Understanding Abrasive Slurries in Mining

Abrasive slurries are heterogeneous mixtures of solid particles suspended in a liquid, typically water, but sometimes with chemical additives or process fluids. In mining operations, these slurries arise from crushing, grinding, flotation, leaching, and tailings management. The solid phase can include hard, sharp-edged minerals like quartz, magnetite, or copper ore, as well as clays and rock fragments. The liquid phase often carries dissolved salts, acids, or alkalis that further complicate handling.

The primary challenge with abrasive slurries is accelerated wear on pump components. Particles impact surfaces at high velocities, causing erosion, gouging, and fatigue. Simultaneously, chemical attack can corrode metals and degrade elastomers. Temperature extremes add thermal stress. A pump that is mismatched to the slurry’s abrasivity can fail prematurely, leading to unplanned downtime, costly repairs, and safety hazards. Therefore, careful selection based on a thorough understanding of the slurry’s physical and chemical properties is essential.

Slurry Characterization: The Foundation of Pump Selection

Before choosing a pump, characterize the slurry with respect to the following parameters:

  • Particle size distribution (PSD) – Largest particle size, fines content, and the percentage of particles above a critical size that can cause rapid wear.
  • Solid concentration – Weight or volume percentage of solids. Higher concentrations increase viscosity and abrasion potential.
  • Density and settling velocity – Determines the tendency of solids to settle in the pump and piping, affecting pump sizing and net positive suction head (NPSH).
  • pH and chemical composition – Acidic or alkaline slurries require corrosion-resistant materials; dissolved chlorides or sulfates can attack metals and rubbers.
  • Temperature – Affects material strength, elastomer flexibility, and cavitation risk.
  • Abrasivity index or wear factor – A laboratory measurement that quantifies the wear potential of the slurry; used to estimate pump life.

Accurate characterization allows engineers to match the pump’s hydraulic design and material selection to the exact service conditions. For instance, a slurry with 10 mm quartz particles at 40% solids by weight will demand a different pump than a fine clay slurry at 20% solids with a pH of 2.

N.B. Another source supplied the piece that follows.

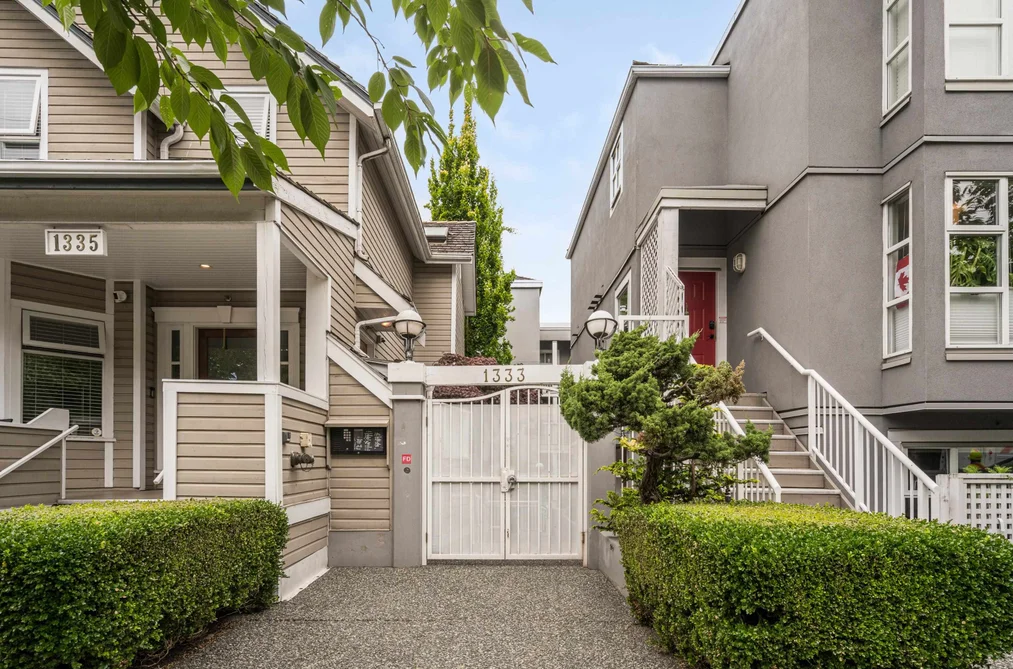 407 1333 W 7TH AVENUE, Vancouver, BC — Residential for Sale — Photo 17 of 20
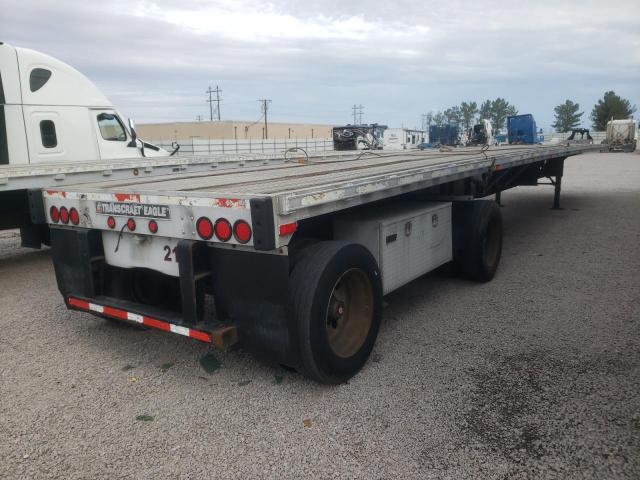 1TTF4820722008537 - 2002 TRS TRAILER SILVER photo 4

Types of Pumps for Abrasive Slurries

Each pump design offers distinct advantages and limitations. The most common types used in mining are described below, with emphasis on their ability to handle abrasion.

Centrifugal Slurry Pumps

These are the workhorses of mineral processing. Centrifugal slurry pumps are designed with wide, open impeller passages to accommodate large particles and a reduction in rotational speed to minimize wear. Key features include:

  • Heavy-duty casings – Often made of high-chrome iron (e.g., 28% chromium) or lined with thick rubber or polyurethane.
  • Expeller or dynamic seals – Reduce leakage and eliminate the need for gland water in many applications.
  • Adjustable wear parts – Impeller, throatbush, and liner plates are replaceable to extend pump life.

Centrifugal slurry pumps are available in horizontal (horizontal slurry pump - HH series) and vertical (submersible or sump pump) configurations. They are ideal for high flow rates and moderate to high heads. However, they are less efficient at low flow rates and may experience rapid wear if operated away from their best efficiency point (BEP).

Piston and Plunger Pumps

Positive displacement pumps, such as piston and plunger types, are used for high-pressure applications like long-distance slurry pipelines or feeding autoclaves. They can handle very high pressures and are less sensitive to viscosity changes than centrifugal pumps. However, their moving parts (pistons, packings, valves) are directly exposed to the slurry, leading to severe wear unless specialized materials and flush systems are employed. For extremely abrasive slurries, piston pumps are often replaced by diaphragm pumps or peristaltic pumps.

Peristaltic (Hose) Pumps

Peristaltic pumps operate by compressing a flexible hose or tube against the pump housing, creating a moving squeeze that propels the slurry forward. The slurry remains entirely within the hose, never contacting the pump’s moving parts. This design offers several advantages for abrasive slurries:

  • Minimal wear – Only the hose wears; the pump body and rollers last indefinitely.
  • Excellent for shear-sensitive or high-viscosity slurries – No impingement or high-velocity impact.
  • Self-priming and can run dry – Ideal for sump transfer or intermittent duty.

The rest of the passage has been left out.